Shahani was set to graduate in spring 2022. She attended the concert with her sister Namrata Shahani and her cousin Mohit Bellani. She was then sent to the ER with several injuries and on a ventilator, showing no brain activity. She passed away a few days later.
Bellani told AP News Shahani’s last words to her were, “Are you OK?”
According to ABC13 News, family attorney James Lassitor acknowledged the viral video of a woman pulled on a stretcher from the intense crowd and being dropped by event police was in fact Bharti Shahani.
Accounting junior Christian Rodriguez, who attended the festival and has attended Astroworld in the past, commented on the physical experience of being in the crowd.
“It was just so many people in one area, to where if a certain number of people moved to the right, everyone was gonna move to the right,” Rodriguez said. “There was a point where I had no control over where I was moving. It was pure chaos, honestly. I’ve never been scared in any of those situations, but I can say without a doubt that I was pretty scared during the first 15 minutes of the show.”
Rodriguez said Travis Scott tends to encourage this behavior, according to his documentaries and past performances.
Earlier in the day of the Nov. 5 event, Astroworld security was overwhelmed at the V.I.P. entrance by dozens of gate-crashing fans, according to Rolling Stone.
Rodriguez said it was one of the worst crowd atmospheres he has experienced and that it was a different feeling than years past, using the word “defeated.” The show ended earlier than expected.
“I don’t think Travis could have done much, other than stop the show. Whenever he saw someone that needed help, he stopped the show. He probably stopped the show three to four times to allow some attention on the people that needed help. I think the main issue was the set design, lack of security and poorly trained medical staff,” biomedical sciences sophomore Nick Bingham, who attended the concert, said.
The Shahani family attorney, Lassitor, commented in ABC13 News on the lack of trained medics and security, and blames producers, as well as Live Nation, for the design of the set and the barricades, which suffocated fans.
“A lot of it had to do with the way it was set up, so for some reason it was all the artists on one stage, and then Travis Scott was on the other stage. The way the stage was set up made it really hard to get out because you had the stage and then a medal barricade that ran through the middle of the crowd,” Rodriquez said.
Bingham mentioned the significant pain experienced by the shoving of elbows into his chest and the extreme lack of fresh air due to the crowd compressing.
“People were getting carried out of the pit pretty consistently like an hour before Travis got on stage,” Bingham said. “Once the performance started, everything just got worse, and the crowd was moving even more. Sometimes people would start violently pushing or punching people to make room so that they could breathe.”

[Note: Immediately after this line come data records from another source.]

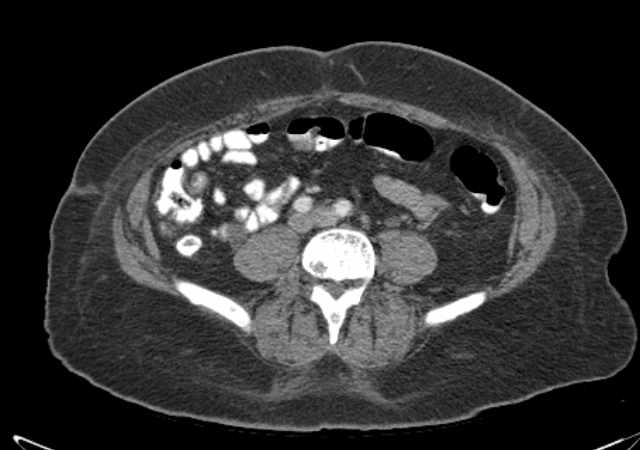 Brown tumors compressing the spinal cord (Radiopaedia 68442-77988 E 78).jpg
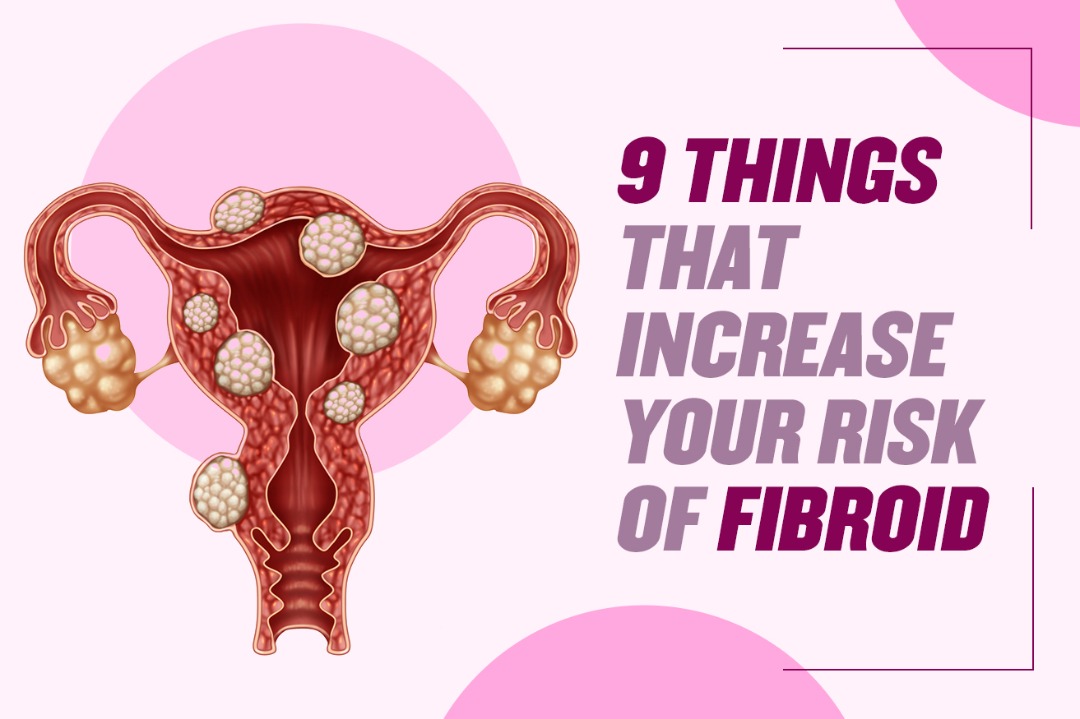 9 things that can increase your risk of fibroids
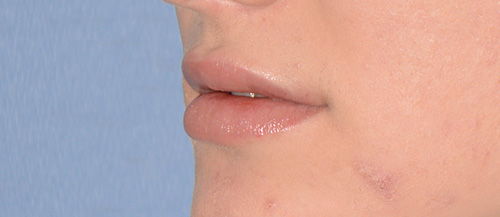 Lip Augmentation / Injection Before & After Photo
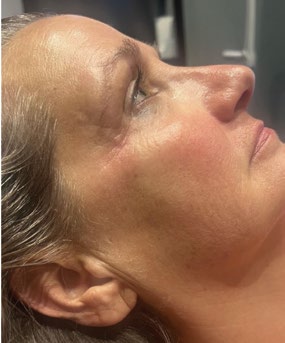 Profile view before and after four PRX treatments — after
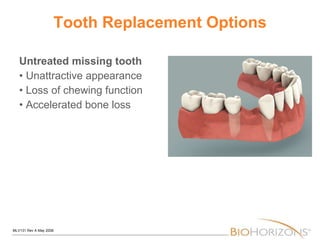 Tooth Replacement Options Untreated missing tooth • Unattractive appearance • Loss of chewing function • Accelerated bone loss 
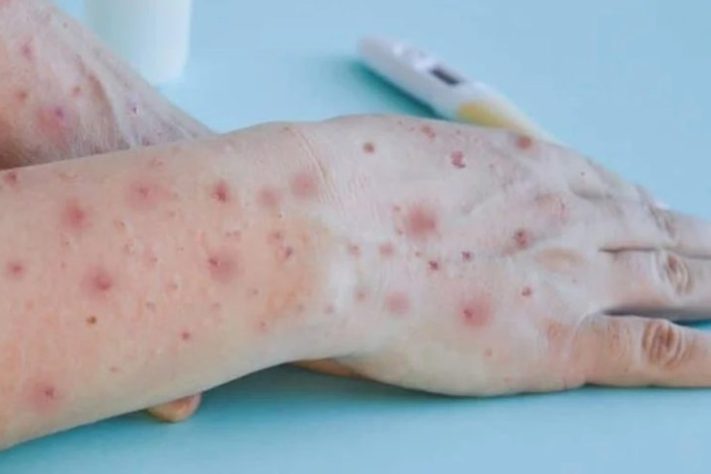 Mpox – Divulgação/OMS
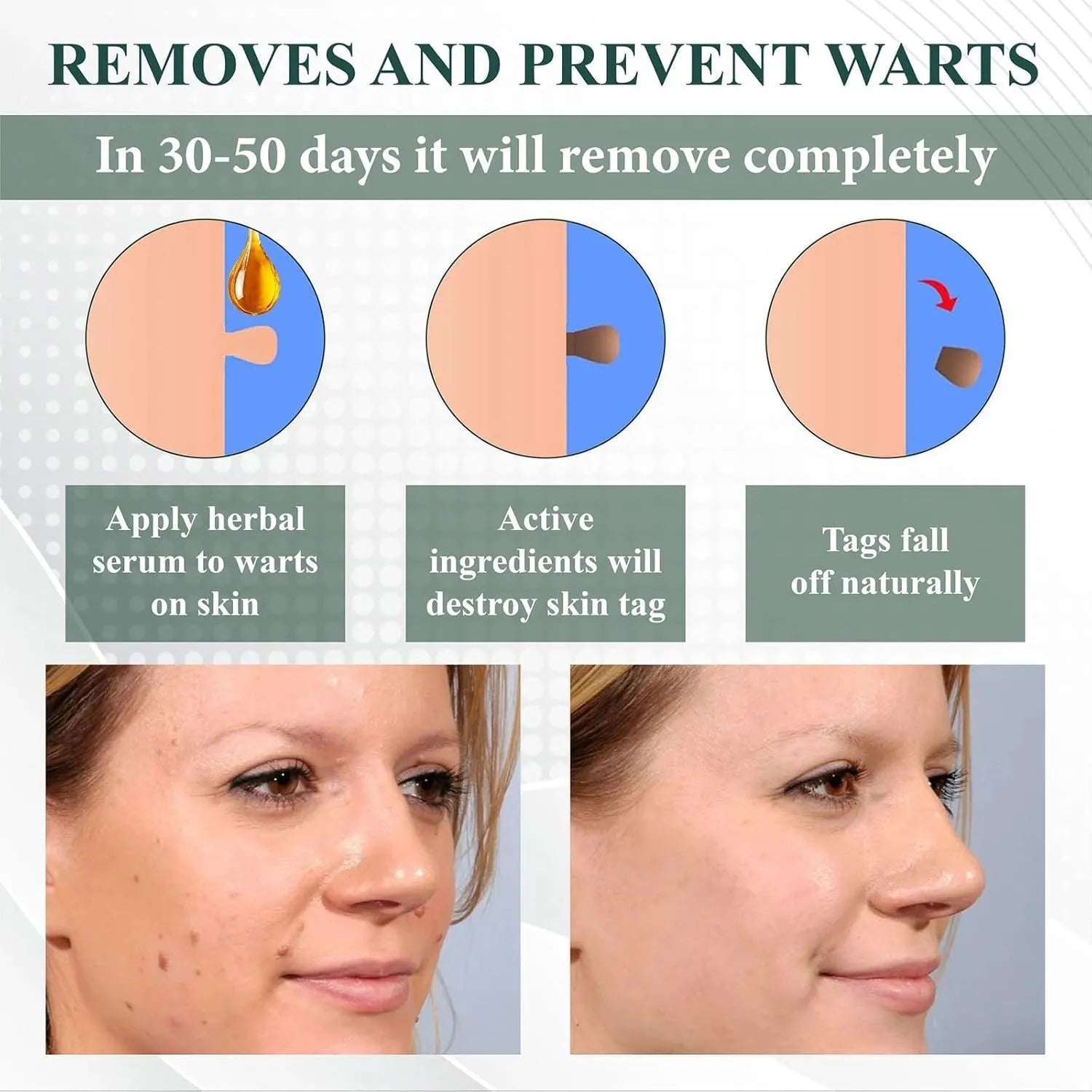 Natureerase Instant Mole Spot Removal Gel 45g container with hydrating formula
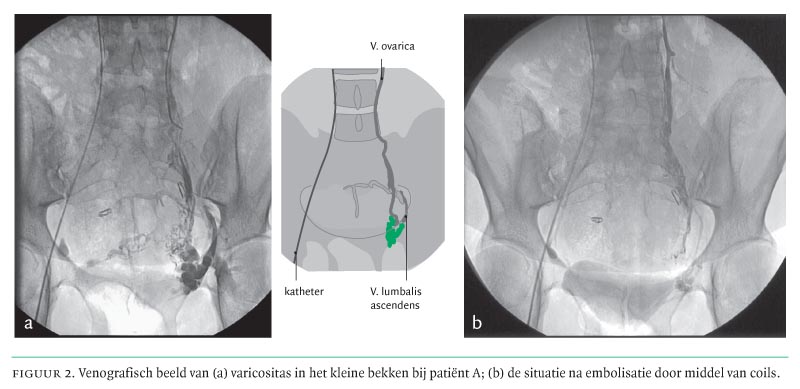 Vrouwen Met Onderbuikklachten En Met Atypische Varices Vulvavarices En Insufficiente Bekkenvenen Behandeling Door Embolisatie Nederlands Tijdschrift Voor Geneeskunde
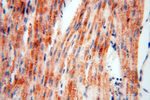 DLD Antibody in Immunohistochemistry (Paraffin) (IHC (P))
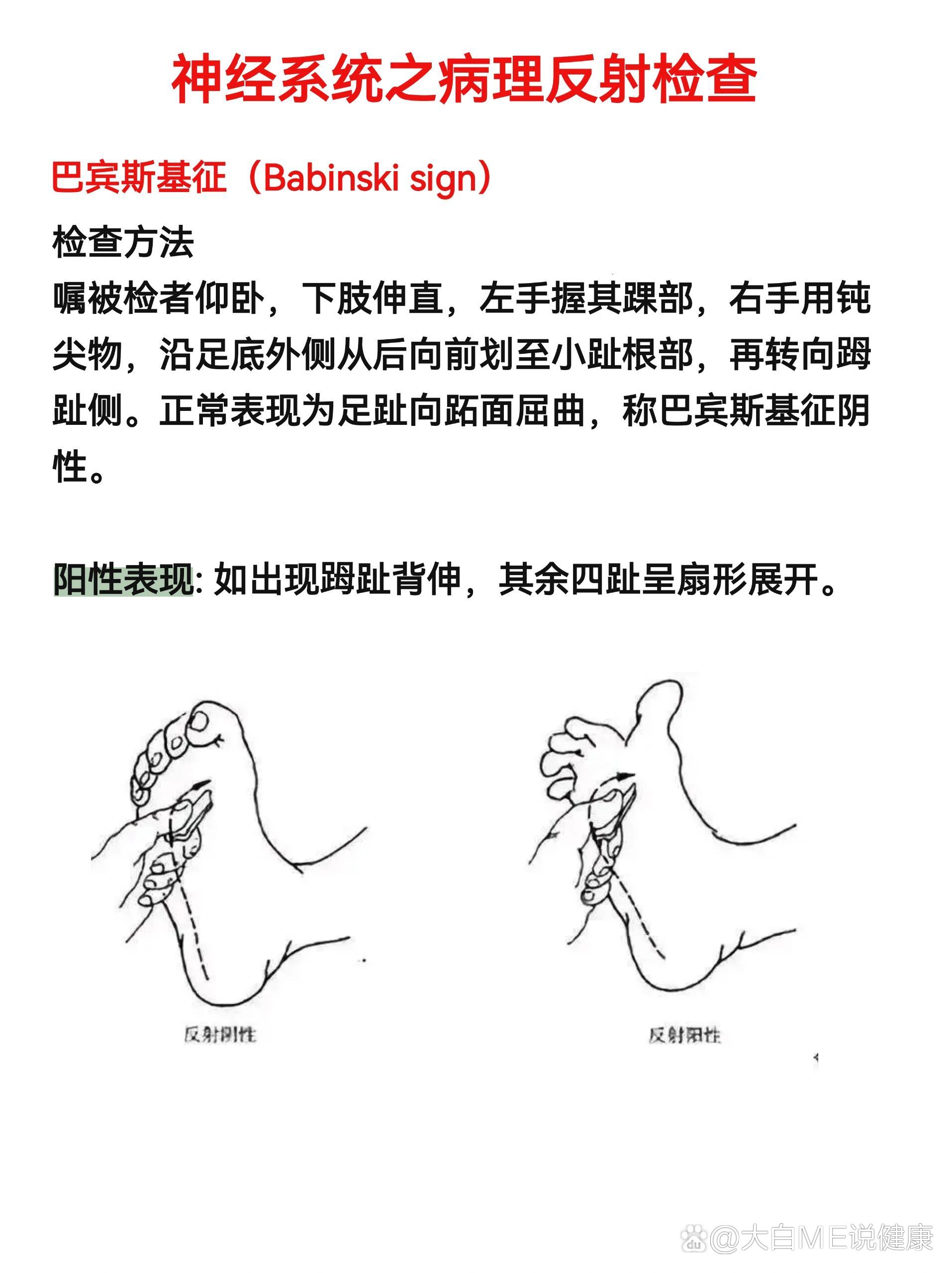 br 临床上常根据刺激的部位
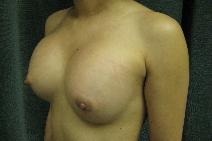 Breast Augmentation After Photo by Constance Barone, MD; San Antonio, TX - Case 9486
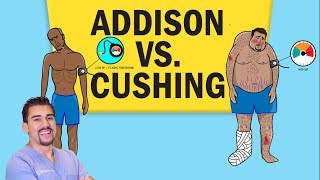 Addisons vs Cushings Disease for NCLEX RN [upl. by Shelagh436]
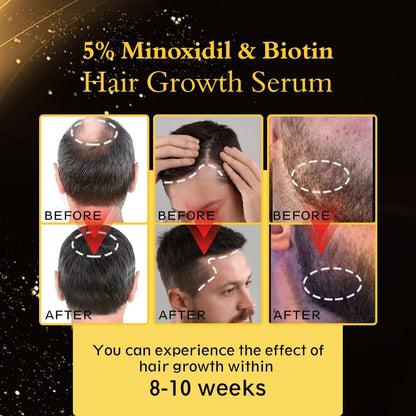 5% Minoxidil Hair Regrowth Oil for Men and Women – Extra Strength Topical Serum for Hair Loss, Promotes Thicker, Healthier Hair and Beard Growth Kit, 2.11 fl.oz (Pack of 2) Avelisse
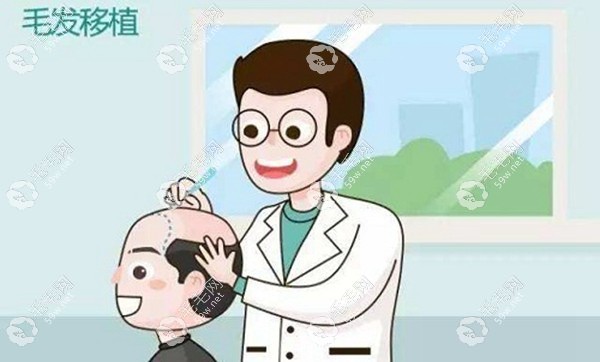 毛發(fā)移植59w.net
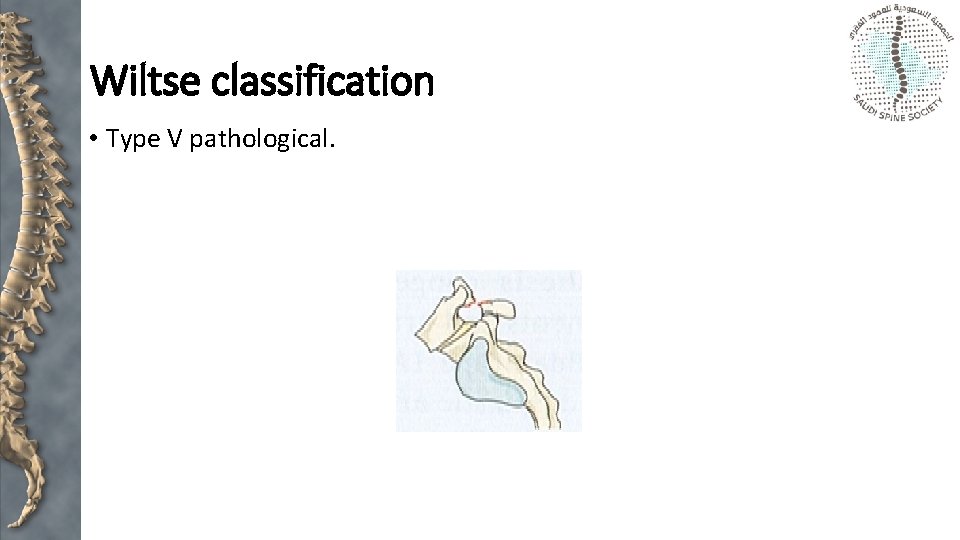 Wiltse classification • Type V pathological. 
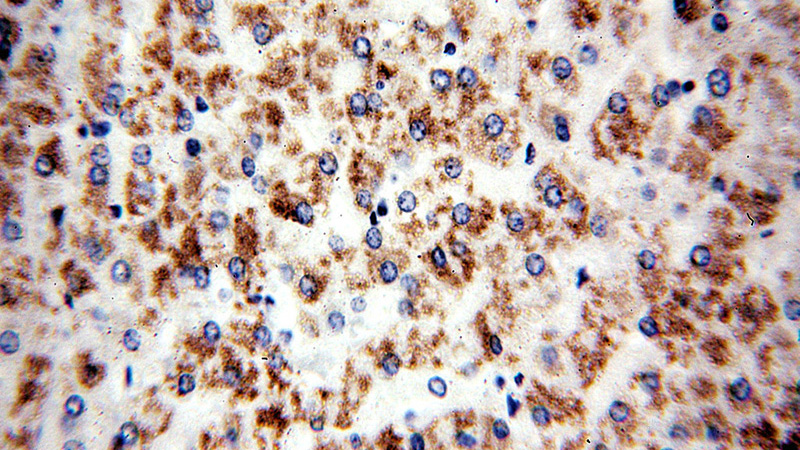 Immunohistochemical of paraffin-embedded human liver using Catalog No:111962(IVD antibody) at dilution of 1:50 (under 40x lens)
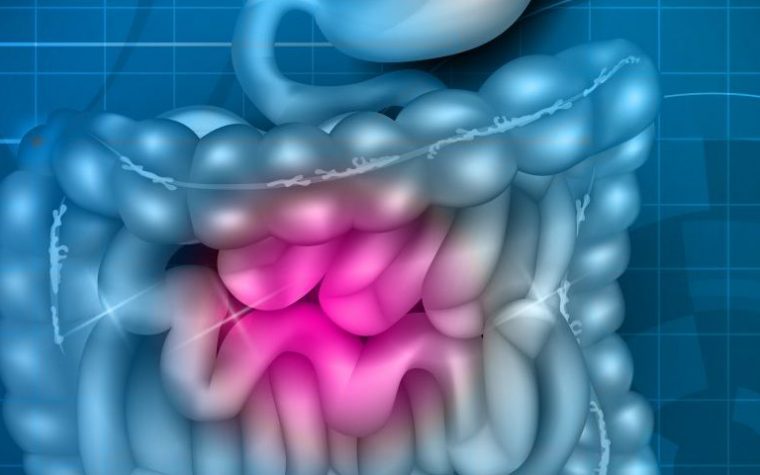 Faster DNA Damage in IBD Underlies Higher Risk of Colorectal Cancer, Study Suggests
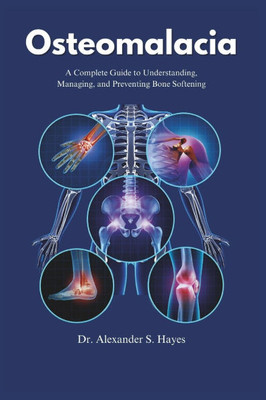 Osteomalacia: A Complete Guide to Understanding, Managing, and Preventing Bone Softening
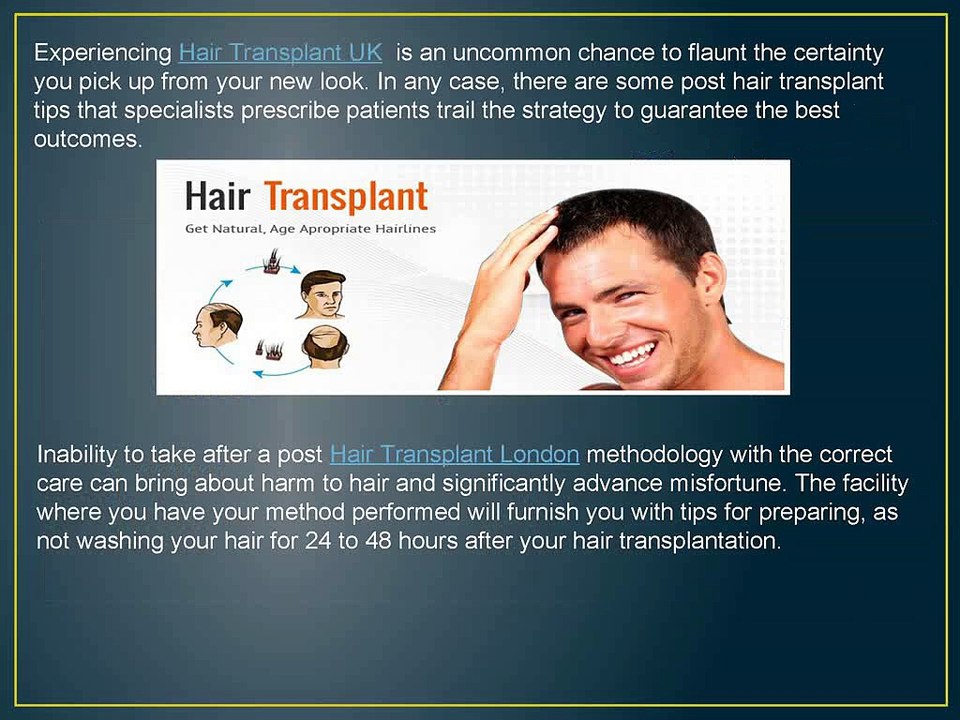 9_Top_Tips_for_Post_Hair_Transplant_Recovery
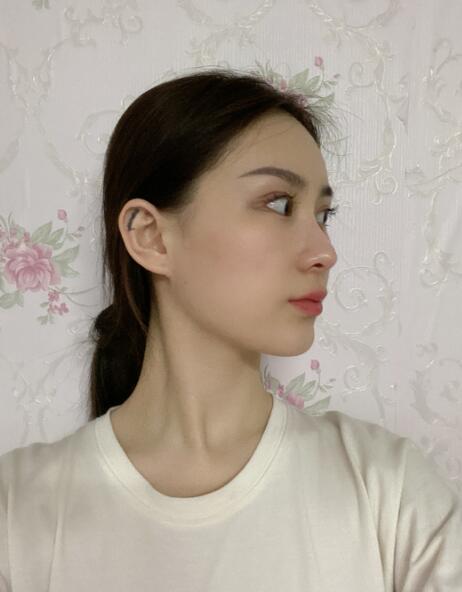 做隆鼻手術體驗日記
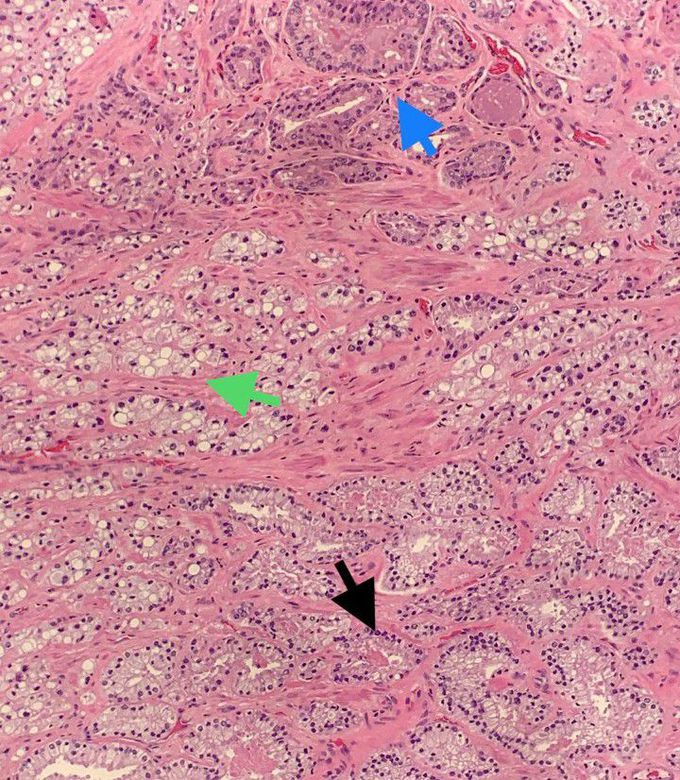 Prostatic Adenocarcinoma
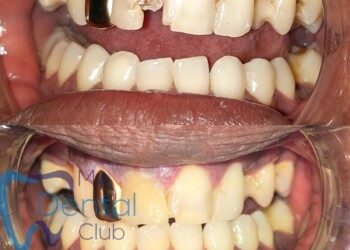 eZy-Watermark_17-11-2019_02-29-38PM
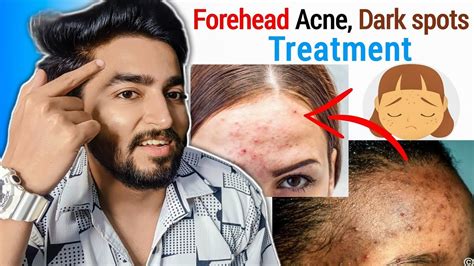 Forehead Acne Pimples Blackheads And Darkspots Treatment Youtube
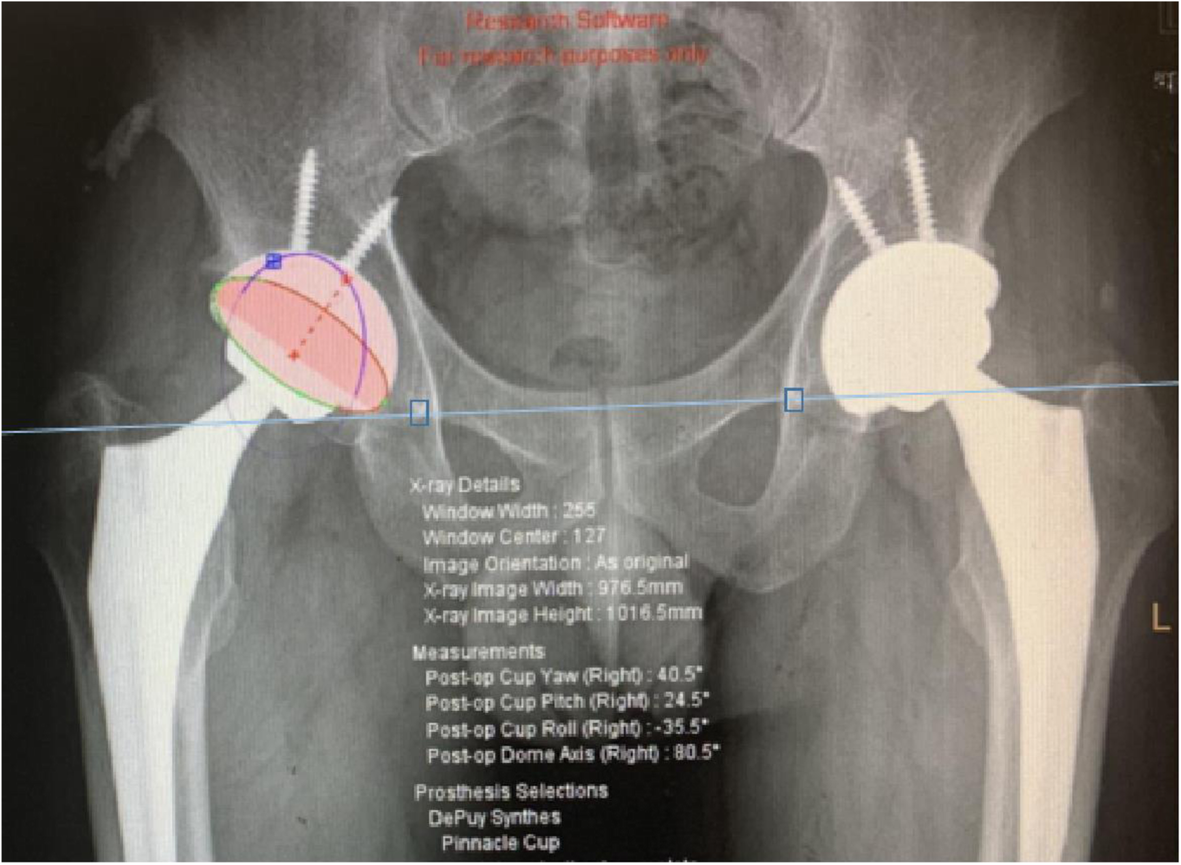 Fig. 2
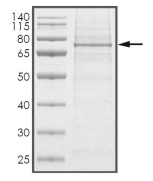 BTK Protein, Human, Recombinant (Active, His)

The Houston Police Department is conducting criminal investigations into the deaths of the concert-goers. Texas government officials are looking to increase precautions for future events. According to the Texas Tribune, the festival’s executive producer and director had the authority to shut the event down, but feared causing further riot.
“‘A statewide task force will look for ways to beef up security at Texas concerts after the deaths of nine attendees at rapper Travis Scott’s performance during Astroworld Festival in Houston,” Gov. Greg Abbott announced Wednesday.
Live Nation has had similar events in the past where individuals have died, cultivating many lawsuits, according to the Houston Chronicle.
Following the event, more than 100 lawsuits have been filed against Scott, Live Nation and rapper Aubrey Drake Graham, who appeared on stage with Scott. Thousands of fans packed tightly into general admission as the famous rapper continued for 40 minutes.